If we knew not only {y i }, but the entire topology of the network, z could be found by means of a maximum likelihood argument (Ref. [9]) comparing the average number of links of a network in the ensemble Ω(z) with the total number of links L 0 in G 0:

$$ \langle L \rangle\equiv\frac{1}{2} \sum_{i=1}^{N} \langle k_i \rangle\equiv\frac{1}{2} \sum _{i=1}^{N} \sum_{j \neq i} p_{ij} = L_0, $$
(7)

where p ij contains the unknown parameter z through Eq. (6). Since {y i } and L 0 are known, the last equality of Eq. (7) defines an algebraic equation in z from which one can evaluate the real fitnesses \(x_{i}=\sqrt{z}y_{i}\). Let us call z 0 the estimate of z calculated in this way, and Ω(z 0) the respective ERGM ensemble. However, in our case we assume to ignore the complete topology of the network and to know only the degrees of the nodes in a subset I. Let n be the number of nodes of I. In this case, we cannot apply Eq. (7) to estimate z. Nevertheless, we can still apply the maximum likelihood principle through the following relation in which the first equality comes from the ERGM and the second one is the application of the constraint on the knowledge of the degrees for the nodes in the subset I [15]:

$$ \sum_{i \in I} \langle k_i \rangle\equiv \sum_{i \in I} \sum_{j \neq i} p_{ij} = \sum_{i \in I} k_i, $$
(8)

where the degrees k i are calculated in the original network G 0. For a generic subset I of the nodes of the network the estimation is less precise than the one given by the last equality of Eq. (7) and the two equations coincides only when I is the whole set of nodes in the network. However, even with just the knowledge of the degree of a single node, the Eq. (8) yields an estimation of z, and finally of X(G 0). In the following, we show that the accuracy can be good even with a rather small subset I.

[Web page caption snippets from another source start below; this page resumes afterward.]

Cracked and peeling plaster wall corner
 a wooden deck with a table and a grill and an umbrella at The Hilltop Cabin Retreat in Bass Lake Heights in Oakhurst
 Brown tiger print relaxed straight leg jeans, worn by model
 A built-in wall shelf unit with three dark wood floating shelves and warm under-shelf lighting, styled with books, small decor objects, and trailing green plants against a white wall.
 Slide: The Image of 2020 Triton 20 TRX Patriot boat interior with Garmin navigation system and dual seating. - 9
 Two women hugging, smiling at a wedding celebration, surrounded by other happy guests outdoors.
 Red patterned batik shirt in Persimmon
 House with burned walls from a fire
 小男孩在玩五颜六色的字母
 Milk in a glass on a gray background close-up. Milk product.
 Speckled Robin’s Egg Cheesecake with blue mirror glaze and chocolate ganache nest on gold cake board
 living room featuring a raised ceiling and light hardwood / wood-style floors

The network bootstrap of a network G 0 is defined by the above equations using the following procedure. Let us assume to know the non topological property y i of all N nodes of the system and the links of a subset I of n<N nodes.

  • Given the topological information of the links in the subset I, we compute the sum of all known degrees of these n nodes in G 0: ∑ iI k i .

  • This sum is substituted into the Eq. (8) to obtain the relative value of z, denoted as z′, that is an approximation of the “real” value z 0.

  • Through the value of z′ and the knowledge of every y i we extract all the links in the network according to the linking probability of Eq. (6).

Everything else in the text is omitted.